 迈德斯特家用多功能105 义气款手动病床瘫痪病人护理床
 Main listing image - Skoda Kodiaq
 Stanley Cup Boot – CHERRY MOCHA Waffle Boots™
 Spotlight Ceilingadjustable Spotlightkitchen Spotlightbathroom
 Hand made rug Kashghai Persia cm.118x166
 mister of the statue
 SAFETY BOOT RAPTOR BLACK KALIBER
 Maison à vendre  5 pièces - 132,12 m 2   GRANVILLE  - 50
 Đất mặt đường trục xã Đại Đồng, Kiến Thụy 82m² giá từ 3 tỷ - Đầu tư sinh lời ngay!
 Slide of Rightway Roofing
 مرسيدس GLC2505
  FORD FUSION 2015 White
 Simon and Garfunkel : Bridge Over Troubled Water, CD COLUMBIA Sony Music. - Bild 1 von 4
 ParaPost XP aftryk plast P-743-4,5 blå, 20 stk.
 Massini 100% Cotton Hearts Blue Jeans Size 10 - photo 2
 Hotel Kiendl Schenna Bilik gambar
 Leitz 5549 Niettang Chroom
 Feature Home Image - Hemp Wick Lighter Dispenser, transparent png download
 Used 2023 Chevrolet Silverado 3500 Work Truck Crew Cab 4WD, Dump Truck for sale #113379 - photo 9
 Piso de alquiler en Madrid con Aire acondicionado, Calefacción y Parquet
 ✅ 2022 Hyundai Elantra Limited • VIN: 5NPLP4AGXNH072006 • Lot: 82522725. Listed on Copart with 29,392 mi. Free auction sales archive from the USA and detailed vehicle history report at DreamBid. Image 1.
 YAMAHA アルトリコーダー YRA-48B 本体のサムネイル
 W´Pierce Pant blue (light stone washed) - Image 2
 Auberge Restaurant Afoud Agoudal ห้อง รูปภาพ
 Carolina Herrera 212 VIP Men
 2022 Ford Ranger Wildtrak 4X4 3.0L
☆ ☆ ☆ ☆
Starting at the line that contains "Spotlight Ceilingadjustable Spotlightkitchen", repeat each line exactly through the last one in the listing. Include both of those lines and nothing more.

 Spotlight Ceilingadjustable Spotlightkitchen Spotlightbathroom
 Hand made rug Kashghai Persia cm.118x166
 mister of the statue
 SAFETY BOOT RAPTOR BLACK KALIBER
 Maison à vendre  5 pièces - 132,12 m 2   GRANVILLE  - 50
 Đất mặt đường trục xã Đại Đồng, Kiến Thụy 82m² giá từ 3 tỷ - Đầu tư sinh lời ngay!
 Slide of Rightway Roofing
 مرسيدس GLC2505
  FORD FUSION 2015 White
 Simon and Garfunkel : Bridge Over Troubled Water, CD COLUMBIA Sony Music. - Bild 1 von 4
 ParaPost XP aftryk plast P-743-4,5 blå, 20 stk.
 Massini 100% Cotton Hearts Blue Jeans Size 10 - photo 2
 Hotel Kiendl Schenna Bilik gambar
 Leitz 5549 Niettang Chroom
 Feature Home Image - Hemp Wick Lighter Dispenser, transparent png download
 Used 2023 Chevrolet Silverado 3500 Work Truck Crew Cab 4WD, Dump Truck for sale #113379 - photo 9
 Piso de alquiler en Madrid con Aire acondicionado, Calefacción y Parquet
 ✅ 2022 Hyundai Elantra Limited • VIN: 5NPLP4AGXNH072006 • Lot: 82522725. Listed on Copart with 29,392 mi. Free auction sales archive from the USA and detailed vehicle history report at DreamBid. Image 1.
 YAMAHA アルトリコーダー YRA-48B 本体のサムネイル
 W´Pierce Pant blue (light stone washed) - Image 2
 Auberge Restaurant Afoud Agoudal ห้อง รูปภาพ
 Carolina Herrera 212 VIP Men
 2022 Ford Ranger Wildtrak 4X4 3.0L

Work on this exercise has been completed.